Euer Barkin Gecko von zwei oder drei Seiten vorher geht mir nicht aus dem Kopf, und ich vermute immer noch, dass Ihr den mit eurem braunen Gesöff bestochen habt 🤩 ! Wieso sonst sollte er so lange aus dem Loch gekuckt haben für euch? Ich sehe uns (Matte, die Muckels und mich) immer noch des abends auf den Giribes Plains bei Signal Hill vor mir, wie wir da chancenlos auf das kleinste Fizzelchen Gecko im Gras herumgeirrt sind 😕 . Jetzt weiß ich wenigstens, wie sie aussehen - danke! Auch wenn mein Neid grenzenlos ist 🤢 .
Und dann schiebt Ihr noch schnell einen Fleckenuhu nach 🤩 . Ich gestehe, dass ich nach unserer letzten Tour etwas auf Greif-Entzug bin (ich weiß, selber schuld, warum fahr ich nicht in den KTP!?) und daher habe ich die auf der nächsten Seite folgende Bilderflut von den Gauklern sehr genossen - auch dafür danke 😘 !
Euer Barkin Gecko von zwei oder drei Seiten vorher geht mir nicht aus dem Kopf, und ich vermute immer noch, dass Ihr den mit eurem braunen Gesöff bestochen habt 🤩 ! Wieso sonst sollte er so lange aus dem Loch gekuckt haben für euch?
Guten Morgen, liebe Bele, das also ist des Rätsels Lösung! Du bist genial! Hartwig und Ingrid haben das klebrige Zeug einfach in die Löcher gekippt und die Geckos mit Alkohol gefügig gemacht! 😄 Liebe Grüße, auch an die Tinochikas Friederike
Kornado323 Beiträge · seit 202012. März 2024 · #84
schade, dass wir uns nicht erkannt haben. Dein Foto ist ja fast aus der gleichen Perspektive entstanden. Da müssen wir ja ganz nah zusammen gestanden haben. Ein Treffen mit anderen Fomis im KTP hätte uns sehr gefreut. Auf jeden Fall sind wir jetzt auf deinen Reisebericht sehr gespannt. Wann startest du damit?

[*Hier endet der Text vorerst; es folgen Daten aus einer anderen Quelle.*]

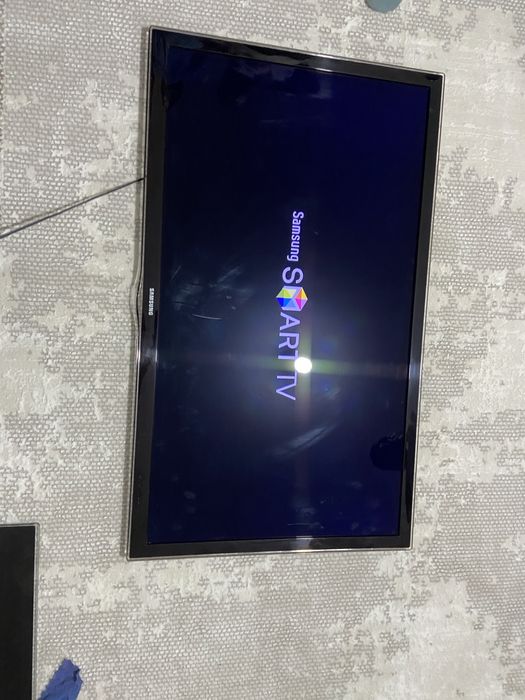 Продам плазменный Телевизор в подарок кранштейн хороший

Liebe Tinochicas, ja, das war schade. Ich hoffe wir haben Euch nicht blockiert. Ich werde mit dem Bericht in ca. 2 Wochen beginnen können. Anbei noch ein Foto von unserem Wagen in Nossob. Liebe Grüße Peter
TinochikaThemenstarter1'651 Beiträge · seit 201424. März 2024 · #86
Champagner schrieb:
Ich gestehe, dass ich nach unserer letzten Tour etwas auf Greif-Entzug bin (ich weiß, selber schuld, warum fahr ich nicht in den KTP!?) und daher habe ich die auf der nächsten Seite folgende Bilderflut von den Gauklern sehr genossen - auch dafür danke
Hallo Bele,
danke für dein Fotolob. Wir möchten nicht in deiner Haut stecken. In unserem Reisebericht kommen noch einige Highlights. Durch die hoffentlich vielen zu erwartenden Reiseberichte aus dem KTP anderer Fomis wird sich deine Sehnsucht nach diesem schönen Reiseziel noch steigern.
CuF schrieb:
Guten Morgen, liebe Bele, das also ist des Rätsels Lösung! Du bist genial! Hartwig und Ingrid haben das klebrige Zeug einfach in die Löcher gekippt und die Geckos mit Alkohol gefügig gemacht!
Hallo Friedericke,
du hattest dir doch auch diese klebrige Brühe gekauft und die Chance auf gute Sichtungen.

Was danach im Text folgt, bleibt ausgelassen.